Prima di analizzare nel dettaglio l’istituto giuridico dell’ascolto del minore, è opportuno ripercorrere brevemente le principali fonti internazionali che ne hanno sancito il riconoscimento e contribuito alla sua introduzione nel nostro sistema normativo.

FONTI DI DIRITTO INTERNAZIONALE ED EUROPEO SULL’ASCOLTO DEL MINORE

Un ruolo fondamentale nell’affermazione del diritto all’ascolto del minore è stato svolto dalla Convenzione sui diritti dell’infanzia e dell’adolescenza, adottata a New York il 20 novembre 1989 e ratificata dall’Italia con legge 27 maggio 1991, n. 176.

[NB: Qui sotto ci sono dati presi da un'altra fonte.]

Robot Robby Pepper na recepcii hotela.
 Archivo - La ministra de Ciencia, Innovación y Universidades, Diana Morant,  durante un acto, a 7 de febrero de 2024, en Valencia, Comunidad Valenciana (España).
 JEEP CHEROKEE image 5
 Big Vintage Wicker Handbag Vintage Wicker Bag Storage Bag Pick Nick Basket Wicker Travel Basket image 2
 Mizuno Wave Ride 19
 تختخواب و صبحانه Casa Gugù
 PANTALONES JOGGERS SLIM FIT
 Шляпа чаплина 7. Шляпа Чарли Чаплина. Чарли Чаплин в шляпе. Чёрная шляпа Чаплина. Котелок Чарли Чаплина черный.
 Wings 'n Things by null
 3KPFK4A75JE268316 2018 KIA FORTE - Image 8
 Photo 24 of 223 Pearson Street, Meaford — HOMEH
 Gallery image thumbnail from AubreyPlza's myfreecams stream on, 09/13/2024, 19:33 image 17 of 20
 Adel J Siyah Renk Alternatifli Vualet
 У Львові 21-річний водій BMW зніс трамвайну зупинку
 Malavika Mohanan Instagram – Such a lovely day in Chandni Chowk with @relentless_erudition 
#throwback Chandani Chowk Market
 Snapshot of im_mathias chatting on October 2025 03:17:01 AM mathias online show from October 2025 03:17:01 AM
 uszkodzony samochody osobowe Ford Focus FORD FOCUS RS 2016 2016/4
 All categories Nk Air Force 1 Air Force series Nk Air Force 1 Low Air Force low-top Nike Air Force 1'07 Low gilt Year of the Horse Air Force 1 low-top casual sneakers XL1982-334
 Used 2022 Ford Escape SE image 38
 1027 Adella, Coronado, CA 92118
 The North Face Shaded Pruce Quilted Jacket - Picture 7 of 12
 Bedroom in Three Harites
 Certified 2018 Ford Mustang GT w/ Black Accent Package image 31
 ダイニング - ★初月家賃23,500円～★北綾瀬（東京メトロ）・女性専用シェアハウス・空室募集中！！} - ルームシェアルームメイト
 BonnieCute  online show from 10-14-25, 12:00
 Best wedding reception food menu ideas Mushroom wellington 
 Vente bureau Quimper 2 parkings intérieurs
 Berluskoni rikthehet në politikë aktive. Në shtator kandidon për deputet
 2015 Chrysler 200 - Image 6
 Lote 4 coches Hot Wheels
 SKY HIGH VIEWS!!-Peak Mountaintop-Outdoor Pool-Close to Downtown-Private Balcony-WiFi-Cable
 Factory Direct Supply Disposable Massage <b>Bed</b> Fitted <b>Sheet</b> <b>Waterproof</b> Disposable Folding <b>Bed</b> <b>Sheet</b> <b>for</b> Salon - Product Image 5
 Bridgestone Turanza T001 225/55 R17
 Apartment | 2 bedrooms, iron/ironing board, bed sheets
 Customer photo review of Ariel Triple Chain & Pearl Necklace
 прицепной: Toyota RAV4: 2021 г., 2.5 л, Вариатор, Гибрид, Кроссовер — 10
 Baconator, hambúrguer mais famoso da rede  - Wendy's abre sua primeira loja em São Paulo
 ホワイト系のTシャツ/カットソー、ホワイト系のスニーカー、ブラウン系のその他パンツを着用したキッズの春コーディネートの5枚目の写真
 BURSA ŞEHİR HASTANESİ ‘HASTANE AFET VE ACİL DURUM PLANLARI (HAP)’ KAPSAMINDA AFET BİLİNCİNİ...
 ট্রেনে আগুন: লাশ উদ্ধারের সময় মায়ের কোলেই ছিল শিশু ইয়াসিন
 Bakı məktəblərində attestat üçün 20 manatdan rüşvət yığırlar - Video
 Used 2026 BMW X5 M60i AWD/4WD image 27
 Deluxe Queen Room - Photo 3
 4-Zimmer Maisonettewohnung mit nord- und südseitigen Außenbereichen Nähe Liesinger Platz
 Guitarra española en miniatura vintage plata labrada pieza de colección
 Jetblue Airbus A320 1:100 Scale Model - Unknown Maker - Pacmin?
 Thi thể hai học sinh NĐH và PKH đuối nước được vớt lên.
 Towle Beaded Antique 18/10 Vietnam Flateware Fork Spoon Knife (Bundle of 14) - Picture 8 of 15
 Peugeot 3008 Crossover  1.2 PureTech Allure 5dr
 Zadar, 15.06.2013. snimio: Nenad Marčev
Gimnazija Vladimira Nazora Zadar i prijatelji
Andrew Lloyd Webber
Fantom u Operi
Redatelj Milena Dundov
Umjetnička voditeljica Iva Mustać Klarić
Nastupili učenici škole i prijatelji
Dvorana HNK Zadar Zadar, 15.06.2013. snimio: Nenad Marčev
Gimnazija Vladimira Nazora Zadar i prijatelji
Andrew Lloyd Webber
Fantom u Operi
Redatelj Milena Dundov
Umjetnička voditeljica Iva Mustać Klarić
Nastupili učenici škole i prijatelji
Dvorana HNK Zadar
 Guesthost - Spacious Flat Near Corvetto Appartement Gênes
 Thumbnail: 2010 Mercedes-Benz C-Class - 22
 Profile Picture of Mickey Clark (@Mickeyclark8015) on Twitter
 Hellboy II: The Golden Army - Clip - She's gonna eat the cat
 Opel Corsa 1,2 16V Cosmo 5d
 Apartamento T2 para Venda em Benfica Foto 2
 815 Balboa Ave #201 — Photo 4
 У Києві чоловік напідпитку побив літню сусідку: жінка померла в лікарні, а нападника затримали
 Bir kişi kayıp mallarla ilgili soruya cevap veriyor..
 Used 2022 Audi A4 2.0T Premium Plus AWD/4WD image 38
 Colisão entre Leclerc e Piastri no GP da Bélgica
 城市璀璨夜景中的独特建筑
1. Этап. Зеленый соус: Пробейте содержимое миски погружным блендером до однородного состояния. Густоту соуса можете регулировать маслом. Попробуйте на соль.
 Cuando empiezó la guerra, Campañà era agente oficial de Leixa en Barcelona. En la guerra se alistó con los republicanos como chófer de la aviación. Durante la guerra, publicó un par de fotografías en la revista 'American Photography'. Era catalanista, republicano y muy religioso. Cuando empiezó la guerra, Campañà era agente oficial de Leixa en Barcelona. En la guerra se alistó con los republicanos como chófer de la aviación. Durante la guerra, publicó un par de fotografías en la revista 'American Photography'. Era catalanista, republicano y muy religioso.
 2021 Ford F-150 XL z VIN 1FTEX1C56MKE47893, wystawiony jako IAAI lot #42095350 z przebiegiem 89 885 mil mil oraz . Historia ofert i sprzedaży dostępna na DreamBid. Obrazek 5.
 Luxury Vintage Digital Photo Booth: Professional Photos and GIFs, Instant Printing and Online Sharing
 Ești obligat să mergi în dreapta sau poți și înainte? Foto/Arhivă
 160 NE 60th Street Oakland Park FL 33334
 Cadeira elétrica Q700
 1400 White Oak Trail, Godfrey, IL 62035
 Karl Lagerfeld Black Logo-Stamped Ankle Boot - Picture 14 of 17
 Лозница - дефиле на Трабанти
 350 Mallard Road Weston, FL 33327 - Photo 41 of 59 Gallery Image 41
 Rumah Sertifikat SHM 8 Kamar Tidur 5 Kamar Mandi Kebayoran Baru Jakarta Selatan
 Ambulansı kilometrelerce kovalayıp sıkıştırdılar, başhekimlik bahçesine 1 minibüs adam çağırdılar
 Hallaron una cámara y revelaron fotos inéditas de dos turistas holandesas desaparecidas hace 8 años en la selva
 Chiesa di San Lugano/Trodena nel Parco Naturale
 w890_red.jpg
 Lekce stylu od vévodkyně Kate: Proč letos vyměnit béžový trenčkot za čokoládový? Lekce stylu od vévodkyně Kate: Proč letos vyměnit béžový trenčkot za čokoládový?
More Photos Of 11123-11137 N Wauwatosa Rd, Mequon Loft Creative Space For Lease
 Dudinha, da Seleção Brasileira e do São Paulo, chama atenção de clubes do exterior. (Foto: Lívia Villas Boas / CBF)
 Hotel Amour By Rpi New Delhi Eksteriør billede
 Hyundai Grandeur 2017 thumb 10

L’approvazione di questa legge ha rappresentato una vera e propria rivoluzione culturale: il minorenne, da soggetto passivo di protezione, viene riconosciuto quale titolare attivo di diritti.

In quanto tale, deve essere messo in condizione di partecipare consapevolmente alle scelte che incidono sulla sua vita, attraverso il diritto a essere ascoltato, informato e rispettato.

A tal proposito, Il minore capace di discernimento ha il diritto di esprimere liberamente la propria opinione su ogni questione che lo riguarda e ha la possibilità di essere ascoltato in ogni procedimento giudiziario o amministrativo che lo coinvolga.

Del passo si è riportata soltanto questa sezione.